The European Data Protection Board (EDPB) has agreed to expand the ban on "behavioral," or targeted advertising in Facebook and Instagram, initially imposed by Norway, a non-European Union member, to encompass all 30 countries within the European Union and the European Economic Area, as reported by Reuters.
This restriction on advertising, which tailors content to individual users through data collection, represents a significant blow to the American tech giant Meta Platforms, the parent company of the two largest social media services.
The EDPB's decision effectively serves as a directive for the relevant regulator in Ireland, where Meta's European headquarters are based.
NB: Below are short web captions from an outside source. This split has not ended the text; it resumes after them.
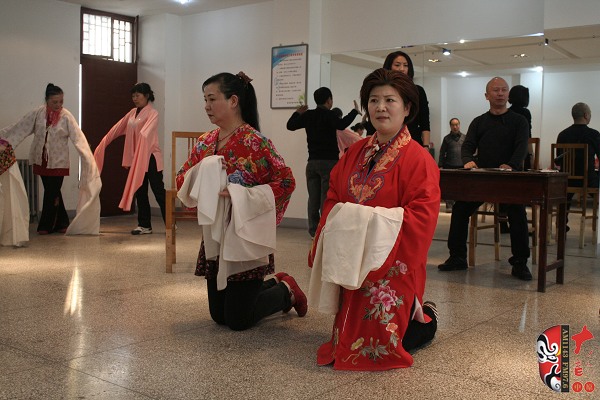 著名越調演員李娟親自示范 著名越調演員李娟親自示范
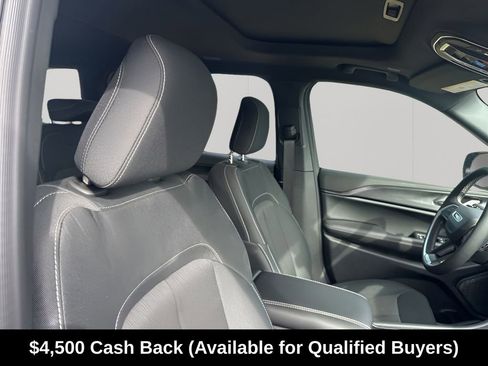 New 2025 Jeep Grand Cherokee L Laredo w/ Luxury Tech Group I RWD image 15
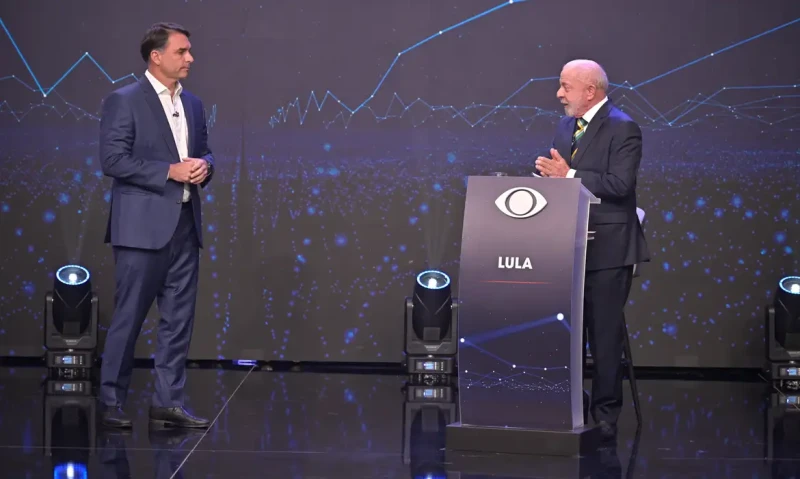 Lula critica nível do debate e desafia Flávio Bolsonaro a abrir sigilos bancários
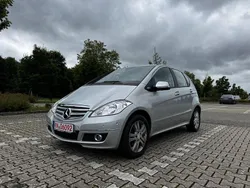 Silber Gebraucht 2009 Mercedes A180 Limousine | 7.550 € (Teuer)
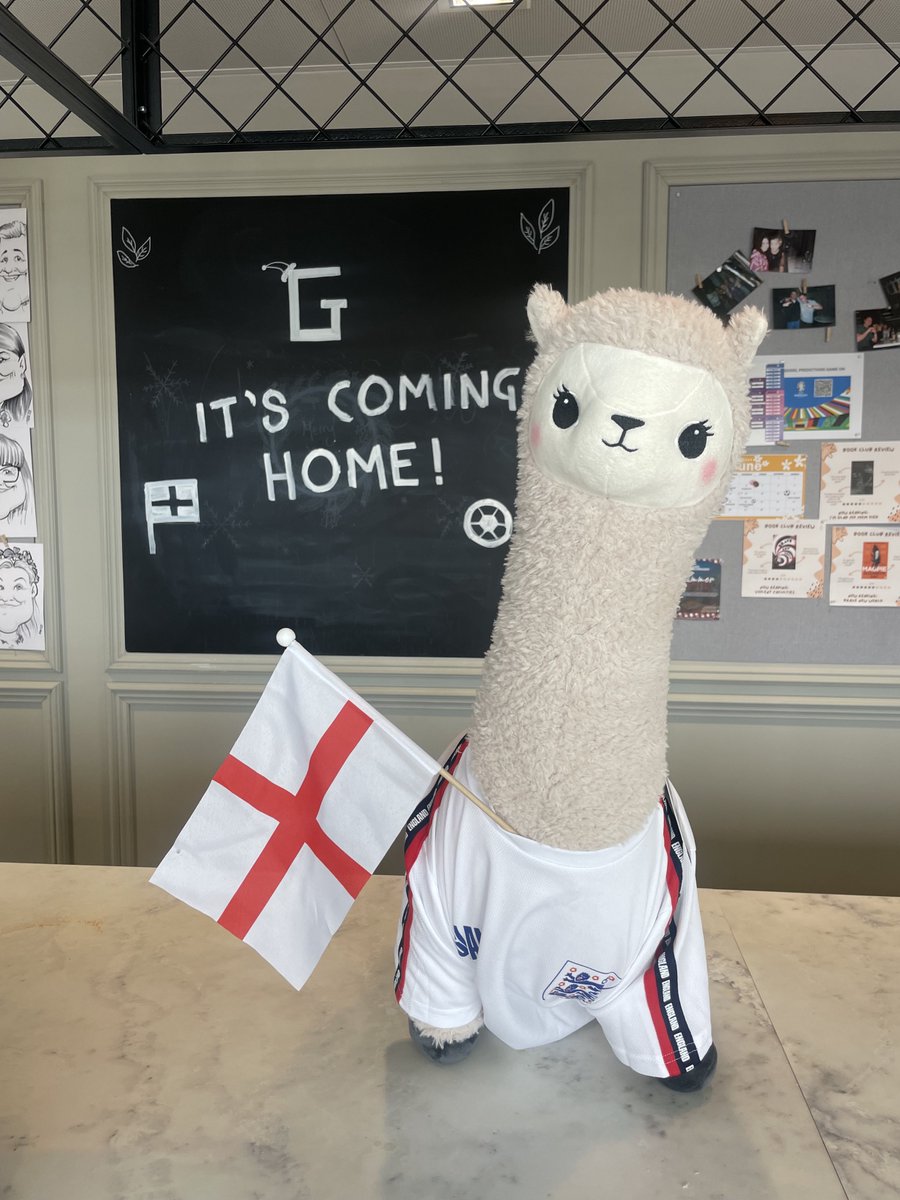 GodelTech's tweet image. The Manchester Office has truly kicked off their celebrations for the EUROS 2024, indulging in a European wine tasting evening, as well as pizzas and beers to celebrate the England game.
#PeopleBehindTech #ItsComingHome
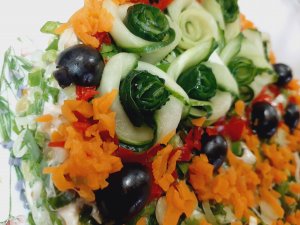 Постный салат с копченым кальмаром
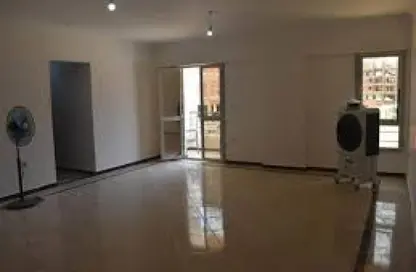 شقة - 3 غرف نوم - 2 حمامات للبيع في المنصورة - الدقهلية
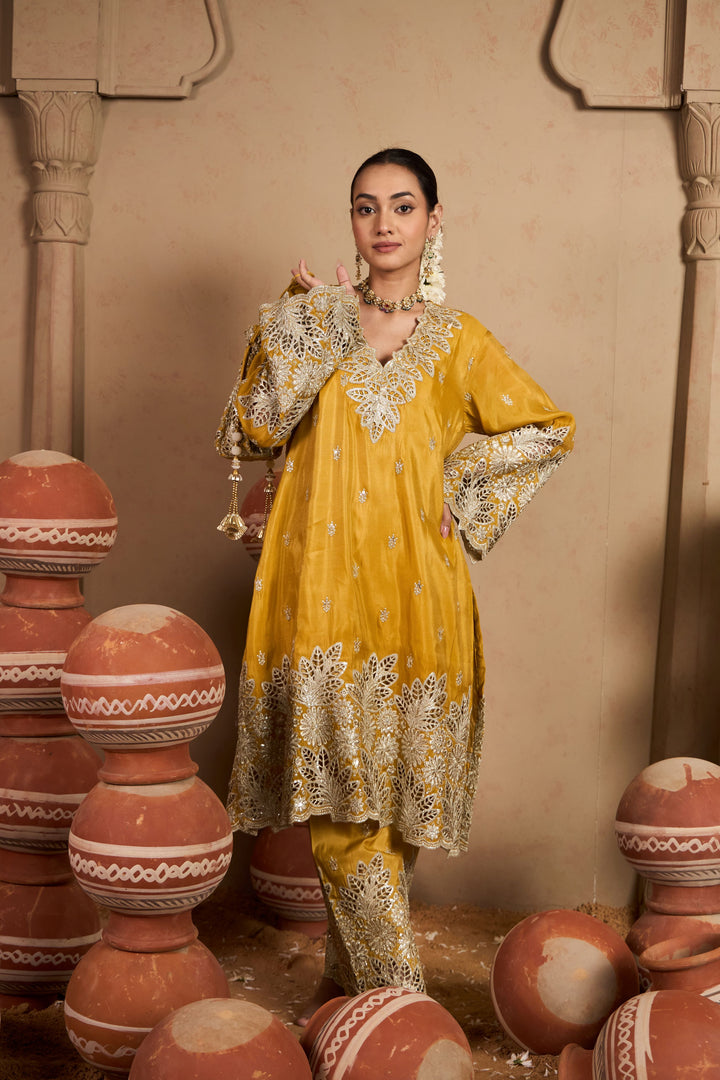 Aaina Ada Farshi Set - Sunheri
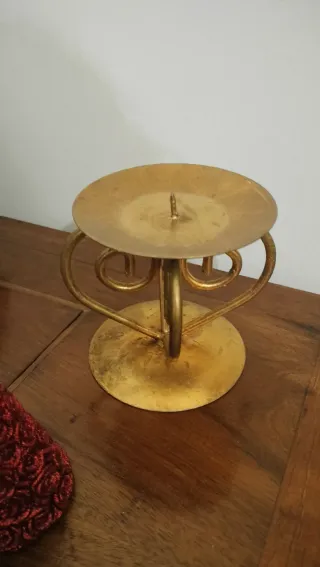 Candela rossa con supporto dorato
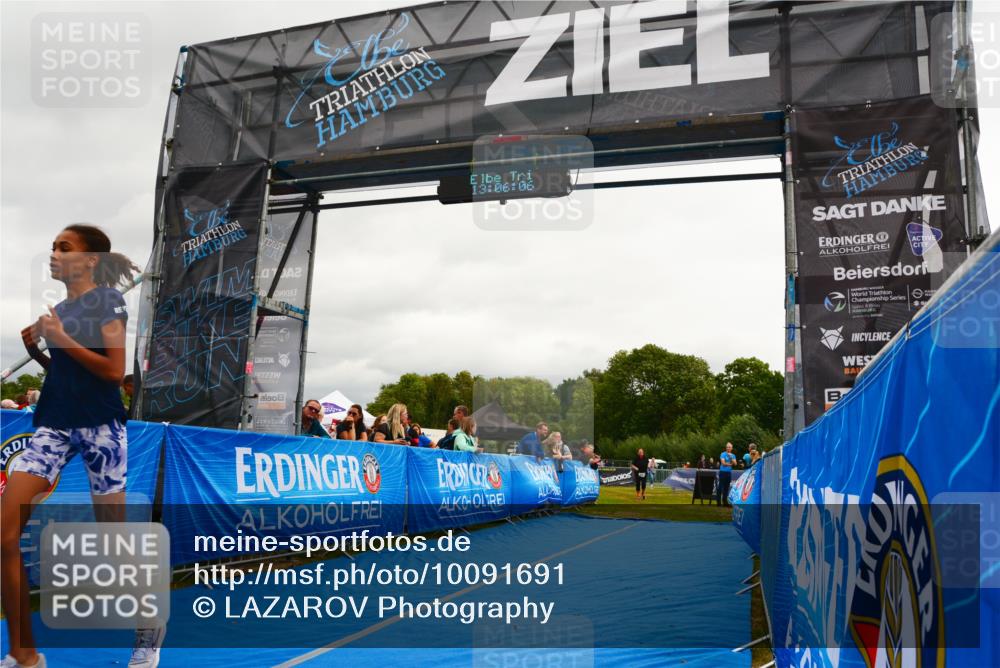 30.08.2026 - Elbe Triathlon Hamburg LAZAROV Photography http://msf.ph/oto/10091691 30.08.2026 13:06:07 Ziel 1683, 1767 meine-sportfotos.de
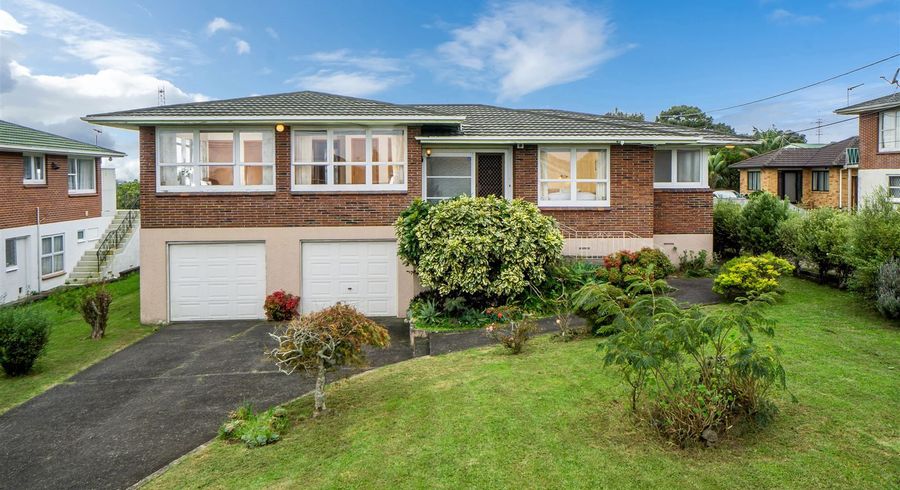  at 84 Royal View Road, Te Atatu South, Auckland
The Irish regulator is tasked with enforcing a permanent ban on the company's use of targeted advertising within two weeks, according to the EDPB statement.
In response, Meta has already announced plans to allow users in the European Union and the European Economic Area to provide consent for the appearance of such advertising. The company is set to introduce a subscription model in November to comply with regulatory requirements. A company spokesperson stated, "EDPB members have been informed of this plan for several weeks, and we have already engaged in a dialogue with them to reach a satisfactory outcome for all parties."
Since August 7, Meta has been facing daily fines of 1 million Norwegian Kroner (approximately $90,000) in Norway for violating user privacy by using their data, such as location or online behavior, for advertising purposes. Norway has also threatened the company with turnover-based fines of up to 4% of its annual global revenue.